Canadian energy company named in California climate-related lawsuit

A Canadian energy company is named in three large lawsuits that attempt to link damages from climate change to industry’s alleged attempts to hinder action to address it.

In the latest of a growing number of such lawsuits around the world, Calgary-based Encana is one of 20 energy majors and their subsidiaries facing claims from three California communities. They allege the companies have deliberately sown misinformation and doubt on climate change and are at least partially responsible for related damages such as shoreline erosion.

“Defendants … have known for nearly a half century that unrestricted production and use of their fossil fuel products create greenhouse gas pollution that warms the planet and changes our climate,” says the lawsuit filed by the City of Imperial Beach.

“They have nevertheless engaged in a co-ordinated, multi-front effort to conceal and deny their own knowledge of those threats, discredit the growing body of publicly available scientific evidence, and persistently create doubt in the minds of customers, consumers, regulators, the media, journalists, teachers, and the public about the reality and consequences of the impacts of their fossil fuel pollution.”

Encana (TSX:ECA) has not responded to requests for comment.

The lawsuits, filed Monday in California, draw on legal precedents used against tobacco companies, which reached a U.S. settlement of $368.5 billion in 1998.

“The plaintiffs have an uphill battle, but these are plausible claims,” said Michael Burger, director of the Sabin Center for Climate Change Law at Columbia Law School.

Burger said that, like tobacco companies, the energy industry knew its business was creating problems. Reports quoting documents from Exxon’s archives suggest its management was told by its own scientists about greenhouse gases and climate change as early as 1977.

Instead of addressing the problem, the lawsuits allege, industry deployed think tanks, lobbyists and other means to obscure the science and resist regulation — much like the tobacco industry.

“You have a similar history of corporate malfeasance,” said Burger.

But the climate lawsuits will have a much tougher time linking specific damages to industry actions, he said.  

“To get from pulling it out of the ground all the way through the chain of manufacture, marketing, combustion — and through the climate change reality and then to sea-level rise causing specific impacts in these places — is a much longer chain of causation.”

Similar lawsuits have been thrown out.

Vic Sher, the lawyer handling the litigation, said his lawsuits avoid conflicts with federal law that disallowed earlier attempts.

Fresh reports have made industry attempts to block change much clearer, he said.
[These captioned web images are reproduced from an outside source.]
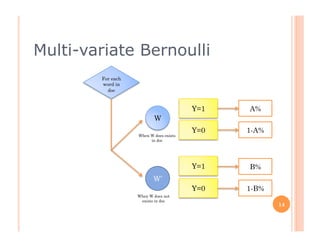 Multi-variate Bernoulli
        For each
        word in
          doc



                                        Y=1   A%
                          W
                                        Y=0   1-A%
                   When W does exists
                        in doc




                                        Y=1   B%
                          W’
                                        Y=0   1-B%
                   When W does not
                    exists in doc
                                                     14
As well, research now allows scientists to make direct links between greenhouse gases, sea-level rise and individual producers.

“That causal connection we can now tie to particular companies.”

The claim alleges the defendants are collectively behind about 20 per cent of total CO2 emissions between 1965 and 2015.

“It’s an enormous volume and a substantial contribution to the problem,” Sher said.

Kate Sears, supervisor for Marin County just north of San Francisco, said her communities are already suffering.

Previously rare flooding tides now occur about 15 times a year, she said. The only roads in and out for some coastal communities have been submerged.

A county assessment concluded in April that within 15 years, tidal flooding could threaten at least $15.5 billion in public and private assets, from homes to schools to wetlands.

“Climate change is not a theoretical problem for us,” Sears said. “It’s very, very real.”

Martin Olszynski, a University of Calgary law professor who has published research on similarities between climate change and tobacco liability, said the cases are highly relevant to Canada as different court systems try to deal with the issue.

“Everyone’s watching to see what different courts are doing, especially countries that share that common law tradition,” he said. “There’s a cumulative effect — you start to see more and more of these.”

A report in March for the United Nations counted 654 cases in 24 countries that dealt with the science of climate change and mitigation efforts.